Wir müssen ja nur ins Europawahlprogramm gucken: Was Sie in Wahrheit wollen, ist ein Austritt aus der EU, ist eine Abschaffung des Euro. Das ist doch die Wahrheit darüber, was Sie wollen.

(Beifall bei der FDP sowie bei Abgeordneten der SPD, der CDU/CSU und des BÜNDNISSES 90/DIE GRÜNEN – Dr. Ottilie Klein [CDU/CSU]: So ist es!)

Sie wollen nämlich nicht Integration gestalten, sondern Sie wollen Desintegration vorantreiben, liebe Kolleginnen und Kollegen. Darum geht es doch am Ende des Tages. Denn Integrationsverantwortung ist ja weit mehr als nur eine Kontrolle durch uns als Parlament, wie wir das beispielsweise im geldpolitischen Dialog machen, um die Einhaltung des Rechts sicherzustellen.

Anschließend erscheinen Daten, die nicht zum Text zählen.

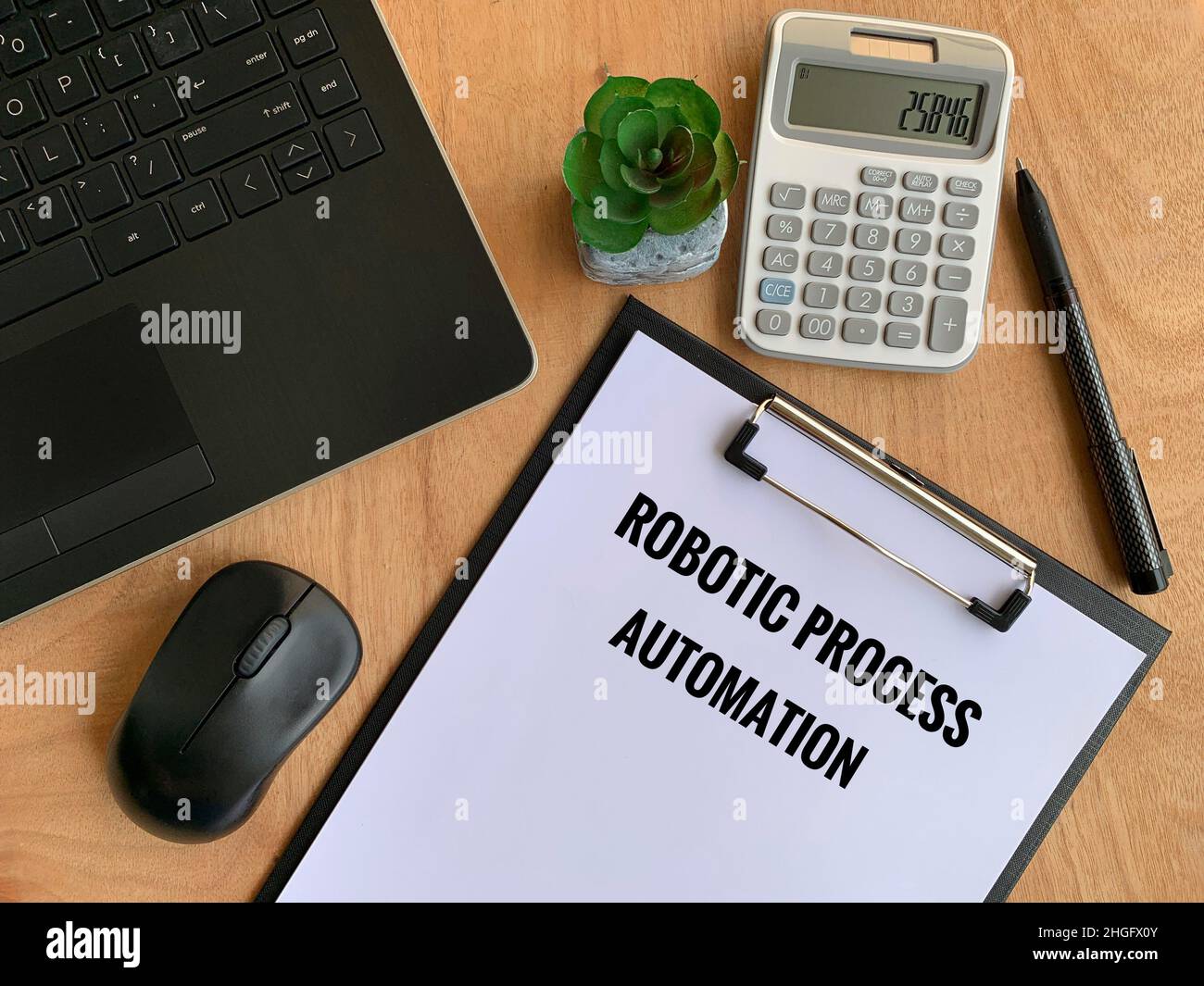 Automazione dei processi robotica testo su carta con laptop, penna, calcolatrice, mouse e sfondo marrone del tavolo. Concetto aziendale Foto Stock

(Peter Boehringer [AfD]: Das wäre aber mal ein guter Anfang!)

Unser Grundgesetz macht doch eines deutlich – vielleicht lesen Sie es gelegentlich mal nach –: Es will eine europäische Integration. Es gilt hier der Grundsatz der Europarechtsfreundlichkeit und damit auch der Grundsatz der Integrationsverantwortung. Sie wollen genau diese Verantwortung nicht übernehmen. Das ist doch die Wahrheit.

(Albrecht Glaser [AfD]: Dummes Zeug! Dummes Zeug ist das!)

Weder hier und heute noch bei Ihrem Antrag zum Euro vor zwei Wochen hat es irgendwo einen konstruktiven Beitrag dazu gegeben: Wie wollen Sie die Europäische Union weiterentwickeln, die Währungsunion? Was wollen Sie zu einer Geldpolitik der Zukunft beitragen? Von all dem nichts, nur destruktiv, nur Nein sagen. So geht das nicht, liebe Kolleginnen und Kollegen. Dagegen wird sich unsere Fraktion mit Händen und Füßen wehren.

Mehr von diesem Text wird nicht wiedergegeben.